深度增强学习--Actor Critic

Actor Critic　value-based和policy-based的结合

实例代码

 import sys
 import gym
 import pylab
 import numpy as np
 from keras.layers import Dense
 from keras.models import Sequential
 from keras.optimizers import Adam

 EPISODES = 1000

 # A2C(Advantage Actor-Critic) agent for the Cartpole
 # actor-critic算法结合了value-based和policy-based方法
 class A2CAgent:
     def __init__(self, state_size, action_size):
         # if you want to see Cartpole learning, then change to True
         self.render = True
         self.load_model = False
         # get size of state and action
         self.state_size = state_size
         self.action_size = action_size
         self.value_size = 1

         # These are hyper parameters for the Policy Gradient
         self.discount_factor = 0.99
         self.actor_lr = 0.001
         self.critic_lr = 0.005

         # create model for policy network
         self.actor = self.build_actor()
         self.critic = self.build_critic()

         if self.load_model:
             self.actor.load_weights("./save_model/cartpole_actor.h5")
             self.critic.load_weights("./save_model/cartpole_critic.h5")

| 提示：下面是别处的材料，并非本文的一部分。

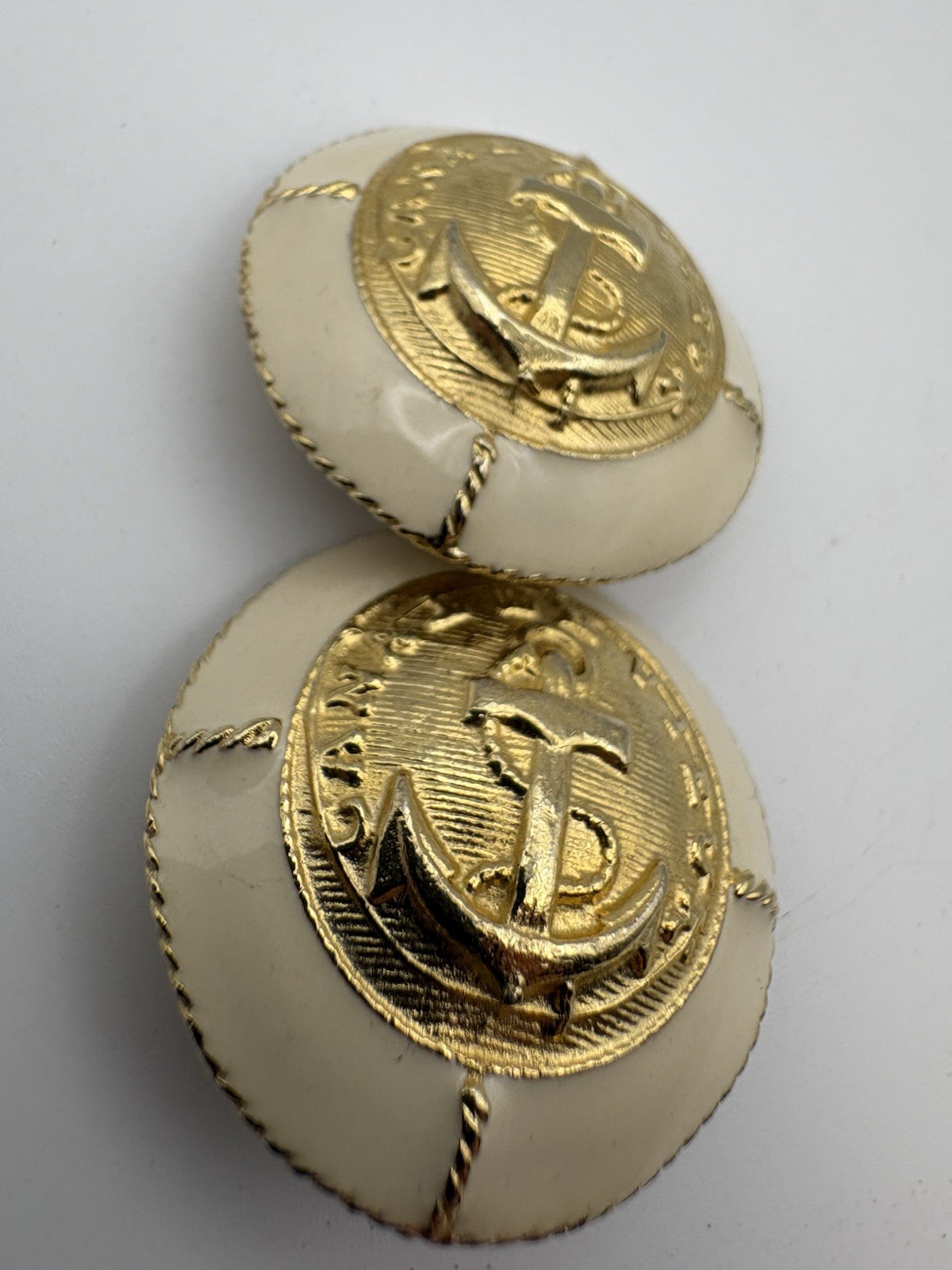 Vtg GAY BOYER Cream Enamel Gold Tone Nautical Anchor Clip On Earrings Statement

     # approximate policy and value using Neural Network
     # actor: state is input and probability of each action is output of model
     def build_actor(self):#actor网络:state-->action
         actor = Sequential()
         actor.add(Dense(24, input_dim=self.state_size, activation='relu',
                         kernel_initializer='he_uniform'))
         actor.add(Dense(self.action_size, activation='softmax',
                         kernel_initializer='he_uniform'))
         actor.summary()
         # See note regarding crossentropy in cartpole_reinforce.py
         actor.compile(loss='categorical_crossentropy',
                       optimizer=Adam(lr=self.actor_lr))
         return actor

     # critic: state is input and value of state is output of model
     def build_critic(self):#critic网络:state-->value,Q值
         critic = Sequential()
         critic.add(Dense(24, input_dim=self.state_size, activation='relu',
                          kernel_initializer='he_uniform'))
         critic.add(Dense(self.value_size, activation='linear',
                          kernel_initializer='he_uniform'))
         critic.summary()
         critic.compile(loss="mse", optimizer=Adam(lr=self.critic_lr))
         return critic

     # using the output of policy network, pick action stochastically
     def get_action(self, state):
         policy = self.actor.predict(state, batch_size=1).flatten()#根据actor网络预测下一步动作
         return np.random.choice(self.action_size, 1, p=policy)[0]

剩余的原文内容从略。